Menu highlights include:
- Grilled Baby Octopus
- Braised Duck with House Made Pappardelle
- Wood-Fire Grilled Veal Chop
- Whole Roasted Branzino with Tomato, Olive and Caper
- Linguini with Clams, Shrimp and Calamari
Chicago restaurateurs Jerry Kleiner and Howard Davis opened Gioco in 1999 and pioneered the retail development in the South Loop and inspired future restaurant groups and Chicago's culinary scene. Kleiner and Davis opened Vivo, Marche and Red Light on West Randolph before today's popular Restaurant Row in the West Loop, where Kleiner had a knack for creating the next hot spot.
"We are delighted to have Chef Kilberg back at Gioco," says Howard Davis, owner. "Chef Kilberg's love for Italian cuisine and culture provides our guests with one of the best authentic Italian dining experiences in Chicago set in a warm rustic space in an historic building in the South Loop."

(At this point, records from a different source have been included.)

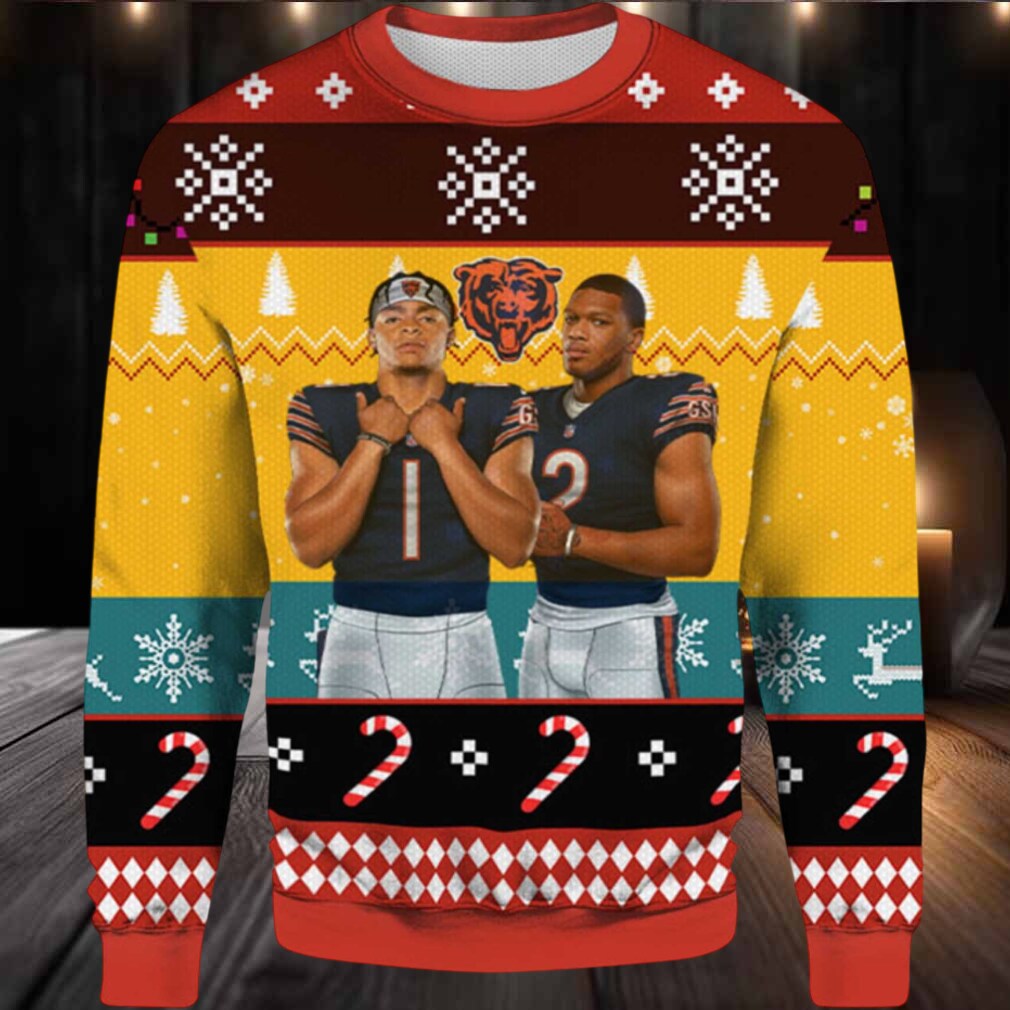 2025 Justin Fields and Dj Moore Chicago Bears Ugly Sweater 2025 Justin Fields and Dj Moore Chicago Bears Ugly Sweater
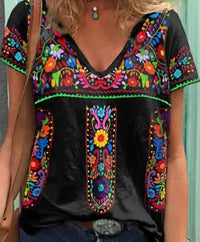 Esther - Ethnische T-Shirts – Schwarz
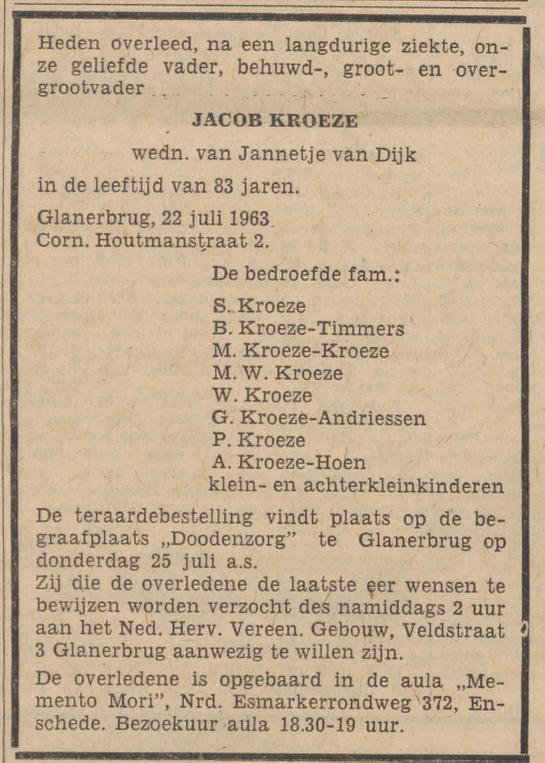 Cornelis Houtmanstraat 2 Glanerbrug Jacob Kroeze overlijdensadvertentie Tubantia 23-7-1963.jpg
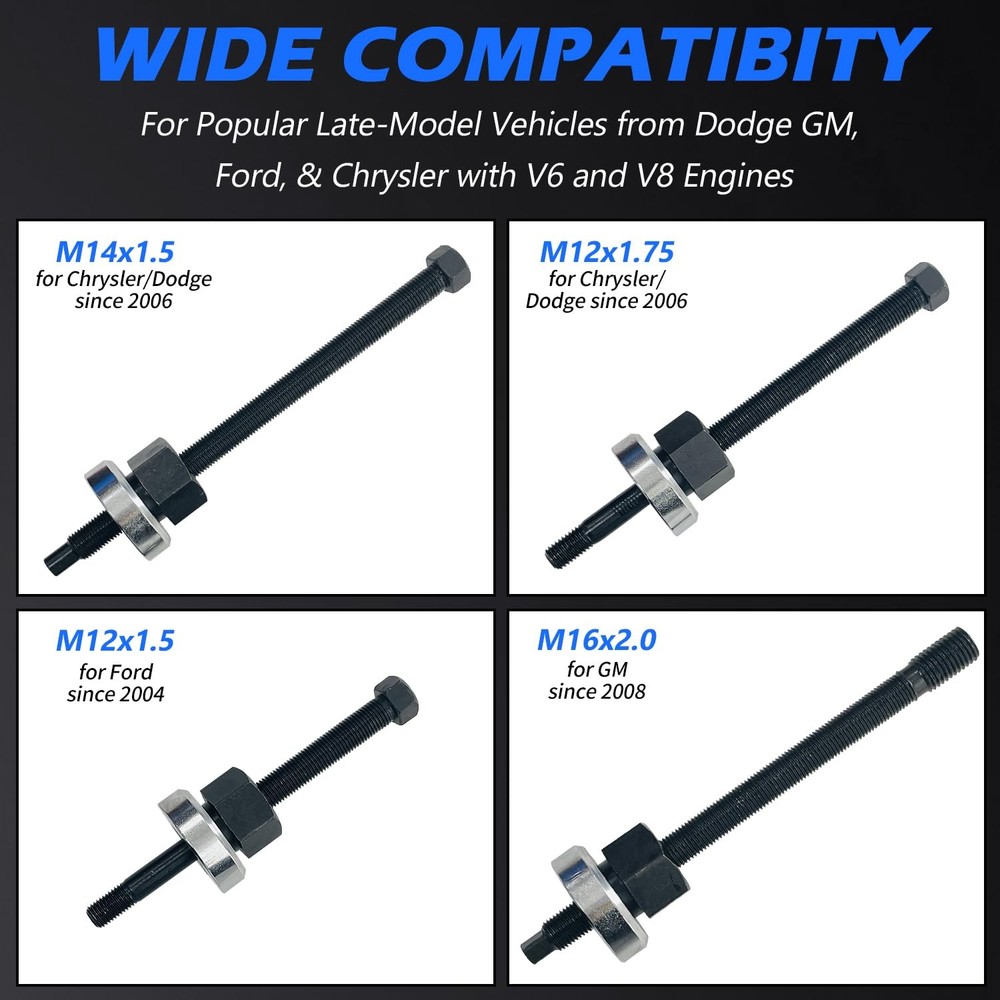 5Pcs Harmonic Balancer Installer Set, Extra Long Crank Pulley Damper Installa...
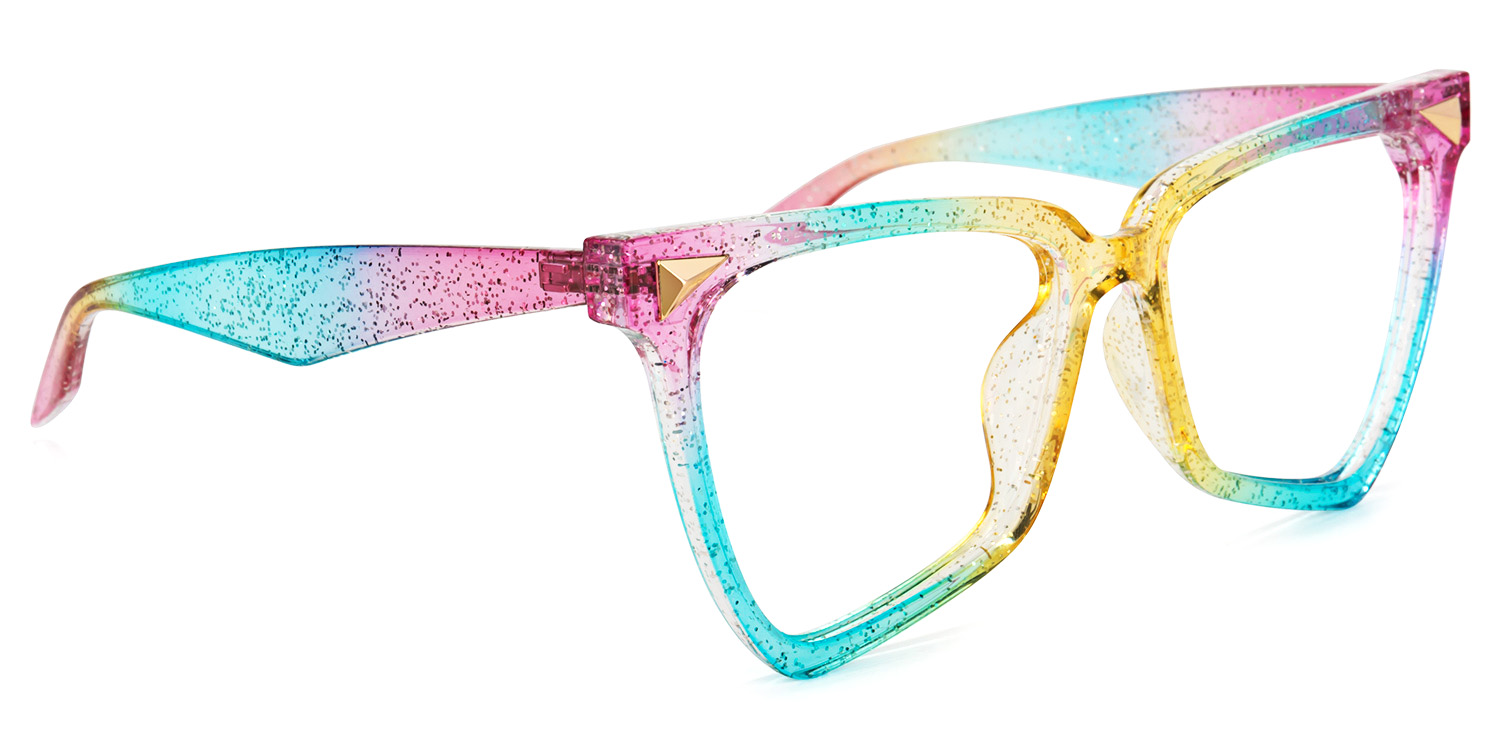 Cicely Geometrical Rainbow Eyeglasses | ZEELOOL UK2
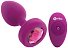 Маленькая вибропробка b-Vibe Vibrating Jewel Plug с кристаллом и пультом розовая фото 1
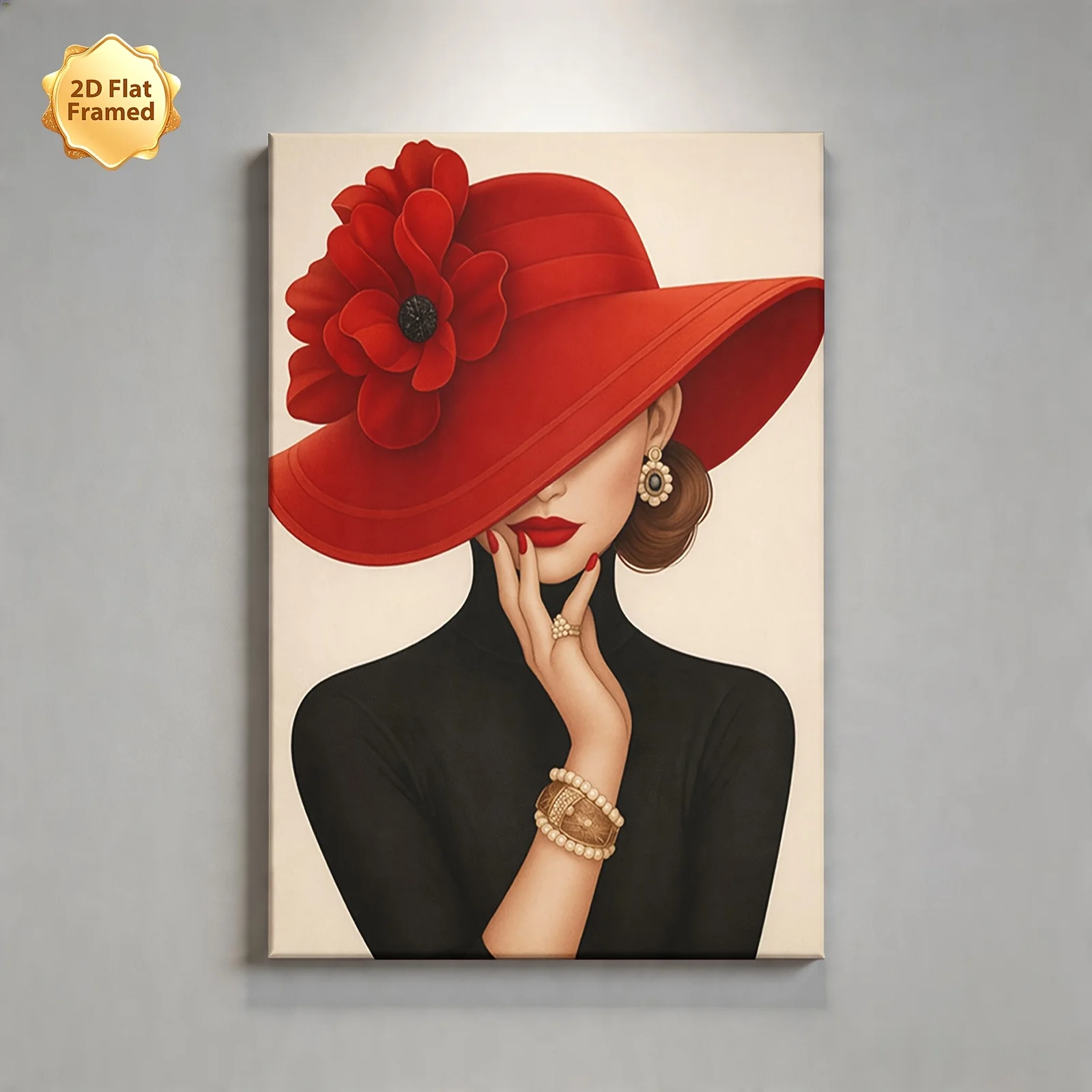 (No frame)2D Flat, 1pc, Framed 2D Flat Canvas Print, Retro Elegant Lady in Red Hat Artwork, Ideal for Living Room, Bedroom, O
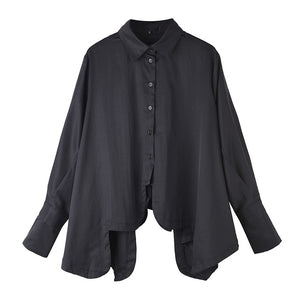 [EAM] Women Black Irregular Big Size Blouse New Lapel Long Sleeve Loose Fit Shirt Fashion Tide Spring Summer 2020 JO19501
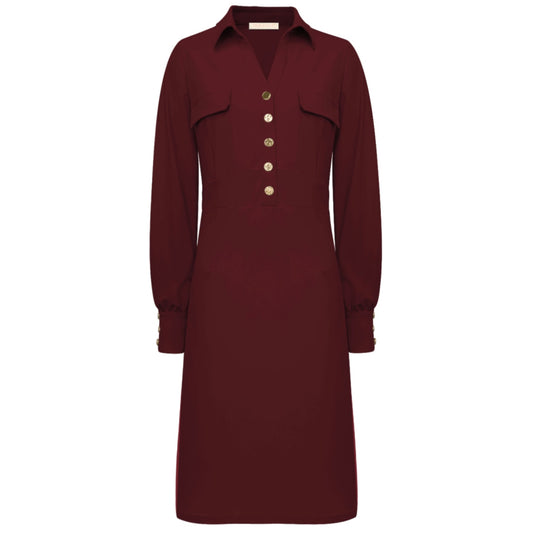 Triple Nine - Travel Jurk Melin Bordeaux - 51810 - Peet kleding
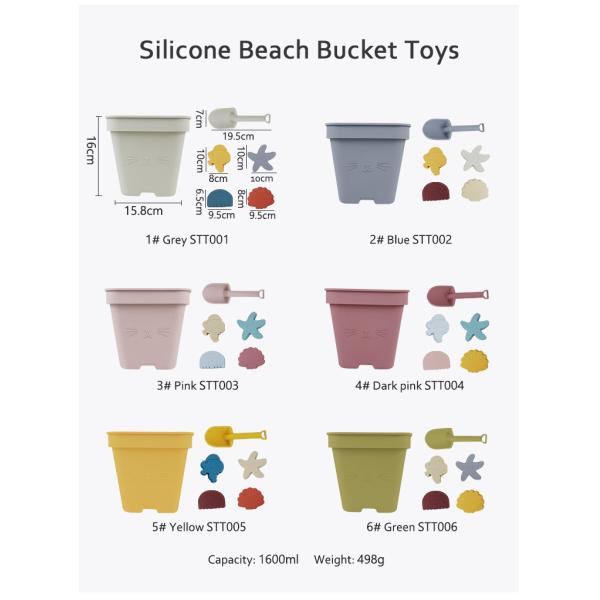 Wholesales Silicone Baby Toy Bucket Set Beach Toy Children Sand Playing Mold Shower Beach Bucket Toy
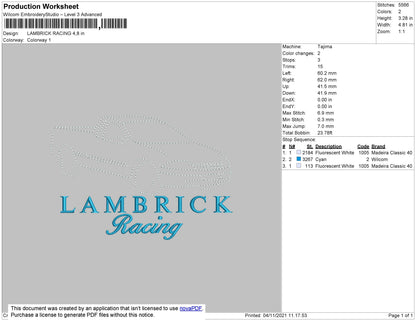 Lambrick Racing Embroidery File 4 size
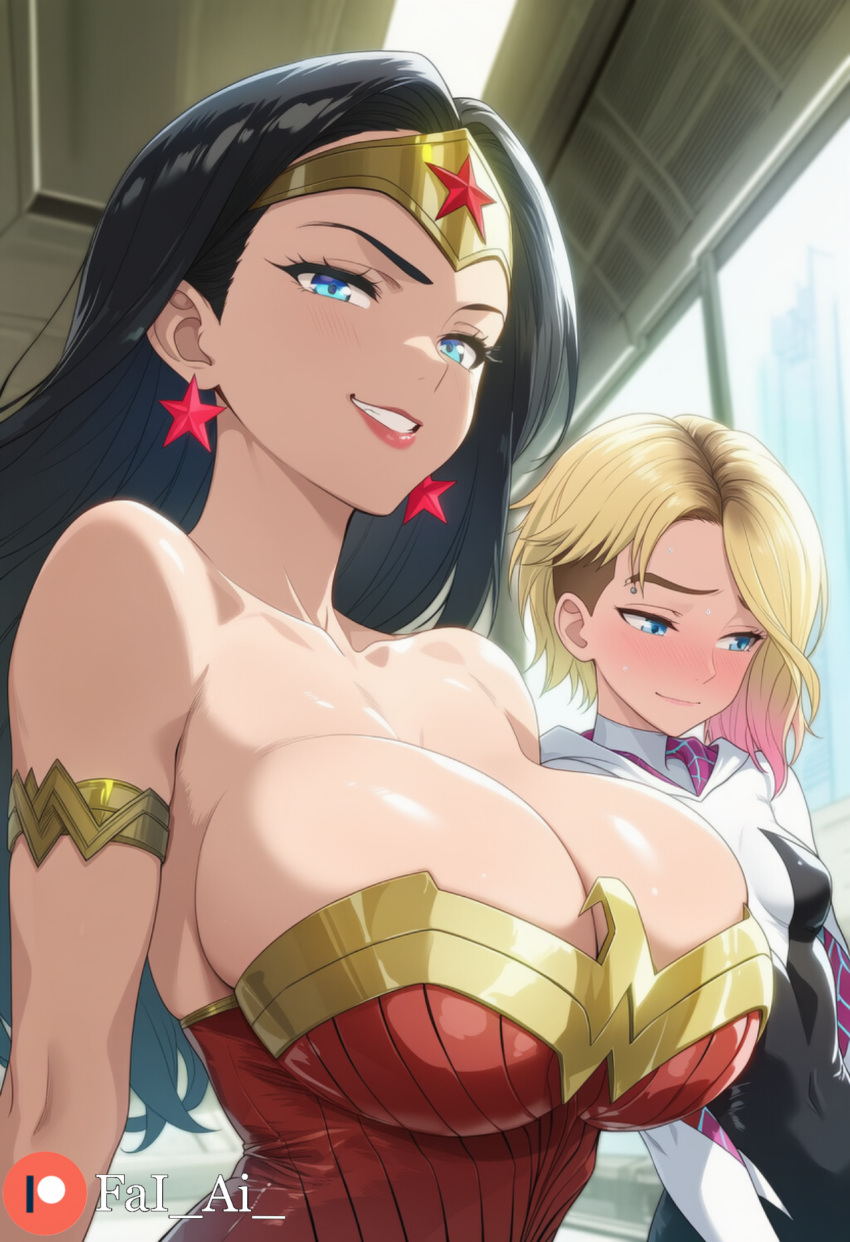 2_girls age_difference amazon arm_at_side armlet arms_at_sides asymmetrical_hair bangs bare_shoulders big_breasts black_bodysuit black_hair blonde_female blonde_hair blue_eyes blush bodysuit breasts cleavage closed_mouth collarbone couple crossover dc_comics dcau diana_prince duo earrings embarrassed eyebrow_piercing fai_ai fai_ai_(artist) female/female female_only gradient gradient_hair grin gwen_stacy half-closed_eyes head_down height_difference heroine hood hooded_bodysuit hoodie indoors jewelry justice_league justice_league_unlimited leotard lips lipstick long_hair looking_at_viewer looking_away looking_to_the_side love makeup marvel marvel_comics multicolored_bodysuit multicolored_clothes multicolored_hair multiple_girls mutual_yuri naughty_face neck parted_bangs parted_lips piercing pink_hair red_earrings red_leotard red_lipstick romantic romantic_couple short_hair shy skin_tight small_breasts smile spider-gwen spider-man:_into_the_spider-verse spider-man_(series) standing star star_(symbol) star_earrings star_print straight_hair strapless strapless_leotard superhero_costume superheroine sweat sweating teen teenage_girl themysciran tiara two-tone_bodysuit two-tone_hair two_tone_hair undercut upper_body white_bodysuit wonder_woman wonder_woman_(series) yuri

Kleiner and Davis' talent for creating Chicago's restaurant destinations proved valuable for finding the best talent, including Kilberg, who had multiple roles at Gioco over the years. Chef Kilberg studied at Le Cordon Bleu and has worked at various fine restaurants specializing in Italian cuisine, including Bice at Portofino Bay Hotel in Florida and Nico Osteria at the Thompson Hotel in Chicago, creating art using the finest ingredients to craft vibrant Italian cuisine at top-end restaurants in the U.S. and Italy. He has also appeared on television preparing recipes and has consulted at numerous restaurants.
"Gioco has always remained in my heart for both its creative and intimate atmosphere, and for its owners' dedication to the best food prepared with sustainable ingredients," says Chef Kilberg. Something about my connection with this place is pure magic."